* [Exercise aim]: Would you please transcribe the listing exactly, with no images?

* [Recorded data]:

-*-

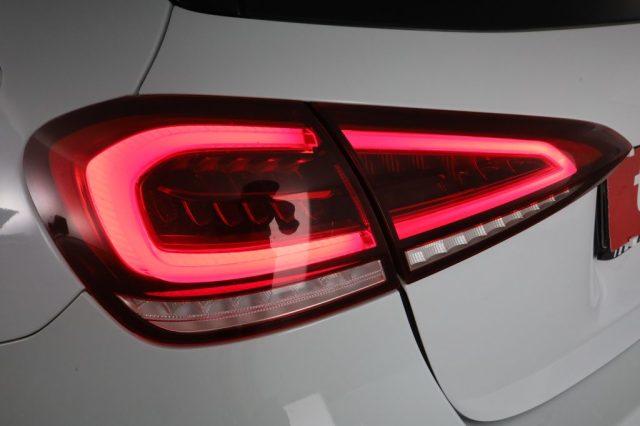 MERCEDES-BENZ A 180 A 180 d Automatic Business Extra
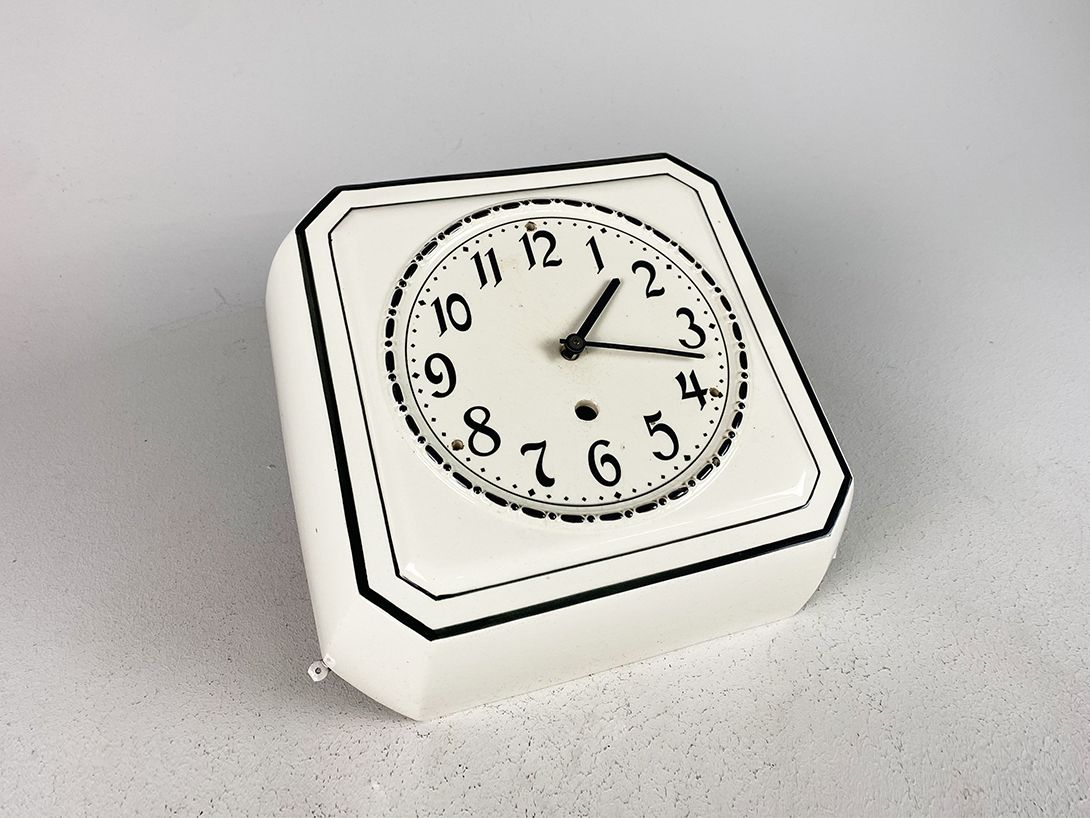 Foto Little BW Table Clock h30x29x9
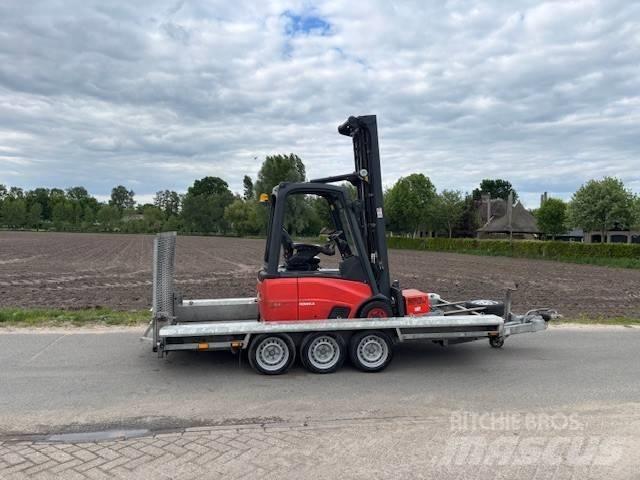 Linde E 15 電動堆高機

-*-

* [Response]:
 MERCEDES-BENZ A 180 A 180 d Automatic Business Extra
 Foto Little BW Table Clock h30x29x9
 Linde E 15 電動堆高機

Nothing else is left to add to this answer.